- Developer: Atlus
- Publisher: Nintendo
- Series: Print Club
- Platform: Nintendo DSi
- Release: JP: April 22, 2009; NA: November 2, 2009; EU: December 25, 2009;
- Genre: Photo booth
- Mode: Single-player

= Sparkle Snapshots =

2009 video game

Sparkle Snapshots, released in Japan as , is a 2009 video game developed by Atlus and published by Nintendo for the Nintendo DSi's DSiWare service. It is a continuation of Atlus' Print Club series and the first to receive a prominent international release. It was released in Japan in April 2009, North America in November 2009 and PAL territories in December 2009.

==Gameplay==
As with previous Print Club games, players are able to take selfie photos using the Nintendo DSi Camera and use a wide variety of frames, backgrounds, stamps and outfits to decorate them with the Nintendo DSi's touchscreen. The stylus can be used to draw or write on the photos.
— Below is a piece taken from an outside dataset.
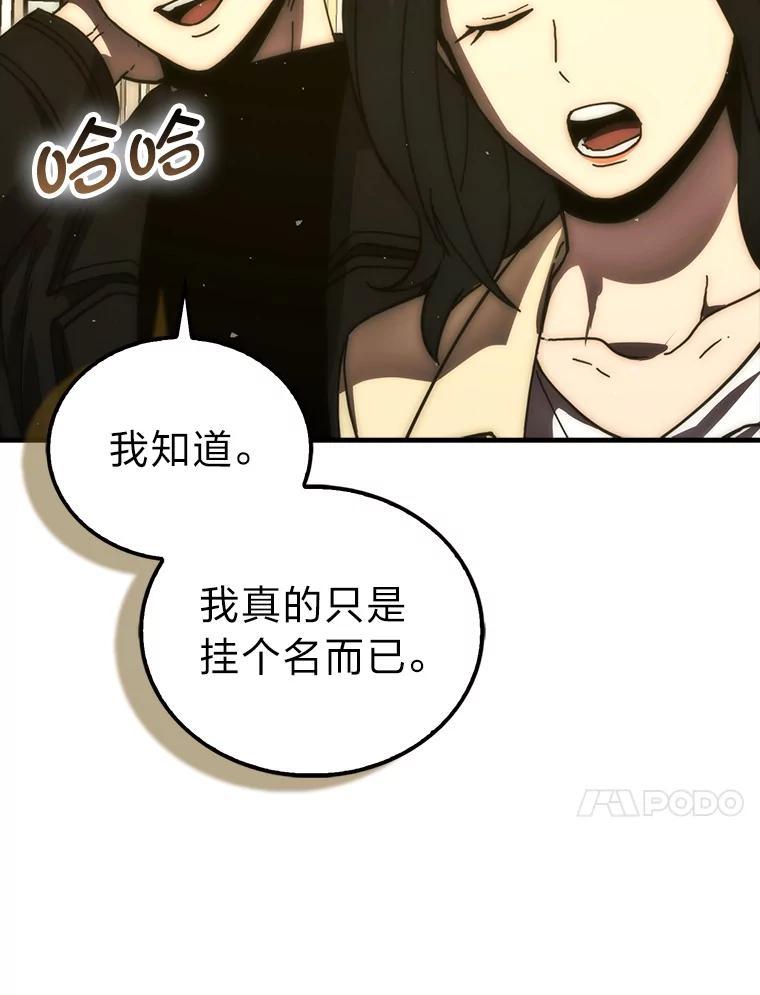 《勇士非也，魔王是也》97.礼物交换 第84页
The photos can be saved into the Nintendo DSi's storage or sent to other consoles in the vicinity through Nintendo Wi-Fi Connection.

==Reception==
Desiree Turner of Nintendo Life gave the game a 6/10 score, praising its variety and appeal to young girls, though she criticized its lack of online functionality.

== Sequel ==

Sparkle Snapshots 3D, released in Japan as , is a video game developed by Atlus and published by Nintendo for the Nintendo 3DS. The sequel to Sparkle Snapshots, It was released in Japan in November 2011, North America in July 2012 and PAL territories in October 2012. To appeal to a young female audience, Nintendo contracted actress Sarah Hyland to promote the game. It features stereoscopic 3D functionality and downloadable content based on the Mario series.